Snow White And The Seven Dwarfs

…although I would rather we call it The Seven Dwarfs And Snow White here.

Needless to say, this is one of the fairy tale heavyweights.  Whole libraries have been written about it, which makes even typing this sentence daunting.  You only have to enter Snow White into Wikipedia to get a sense of how many adaptations and interpretations have been attempted down the years.  With that in mind, I’ll keep the words here brief.  The reason I wanted to post about Snow White was because of a single sentence I found in my copy of Vintage’s The Complete Fairy Tales of the Brothers Grimm.  I suspect it’s the kind of detail that owes more to translation than design, but this sentence explains how the evil queen – in her peddler-of-apples disguise – has to cross seven mountains to get to the household of the seven dwarfs.  I thought it would be fun to try to draw the dwarfs as if they and the mountains were one and the same.  Avatars of the mountains, if you will, operating at a more practical size.  It’s perhaps also worth noting that at the end of the Grimm version of the story the dwarfs place Snow White’s coffin on a mountain peak, where they can gather round and keep watch over it (along with, very specifically, a dove, an owl and a raven).

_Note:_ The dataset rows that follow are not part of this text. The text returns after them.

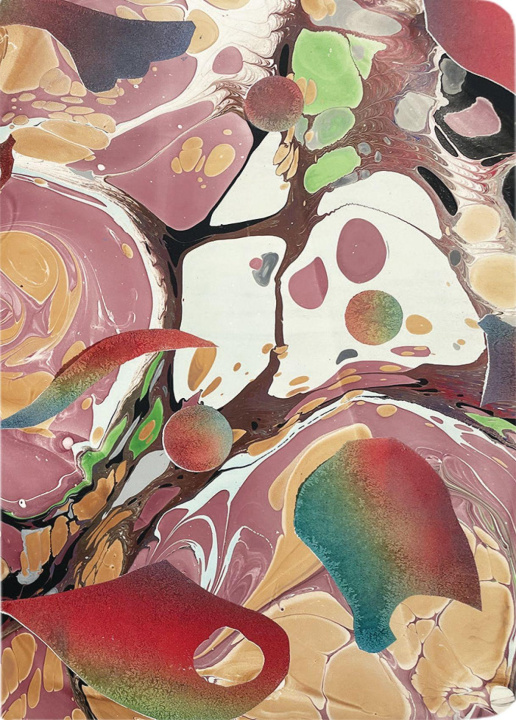Книга CARNELIAN B6 HARDCOVER NTBK MCNALLY EDITIONS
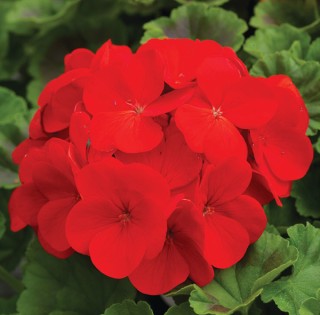 img-0: Пеларгония зональная Пинто Премиум Оранж [1000 шт] (инкруст. семена) - ООО «Семена Тут»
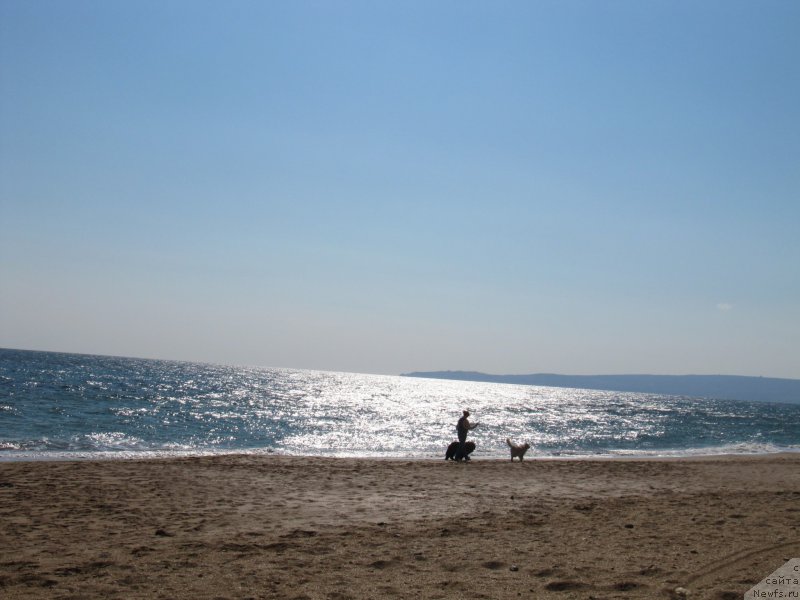 Фотография № 165704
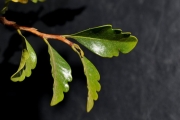 <strong>Meliaceae - Turraea thouarsiana - (Baill.) Cavaco & Keraudren</strong><br />© Sarrailh Jean-Michel / CIRAD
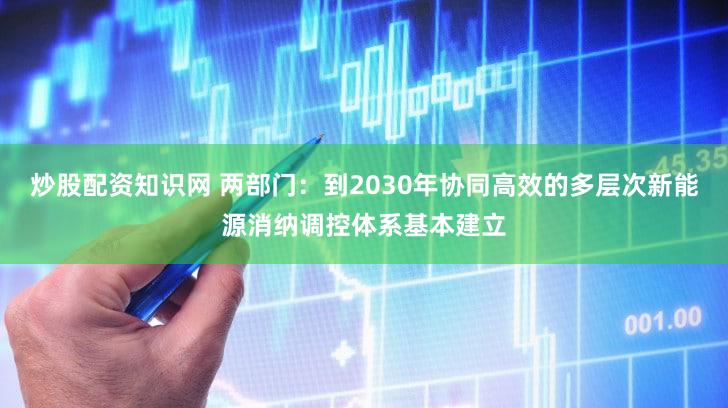 炒股配资知识网 两部门：到2030年协同高效的多层次新能源消纳调控体系基本建立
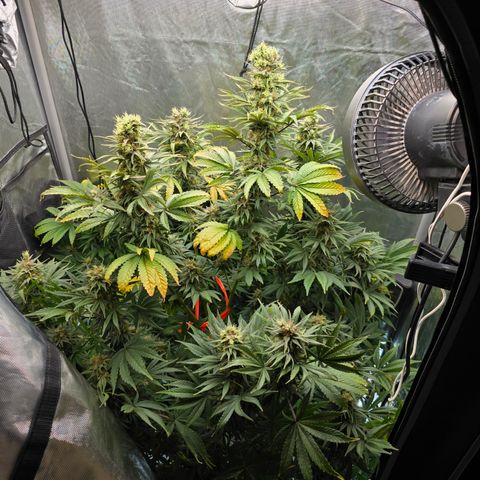 White Widow growlog timeline photo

Here’s the hunter giving Snow White his coat to wear up the mountain.

    

And here she is with either Bashful or Sneezy, you decide… 

 

Some dwarf sketches…

      

One last tidbit before I sign off – I forgot to mention above that scholars of such things have found out that the Grimms made various changes to the original version of this story after they received it from their source.  Perhaps most notably, that the evil queen was not, to begin with, Snow White’s stepmother but her very own biological mother.  Jack Zipes, writing in the introduction to the Vintage edition I have, includes an excerpt from the original source that the Grimm’s based their version on.  It’s interesting to note what they added and what they kept the same.  Worth picking up a copy of when you’re next in the bookshop.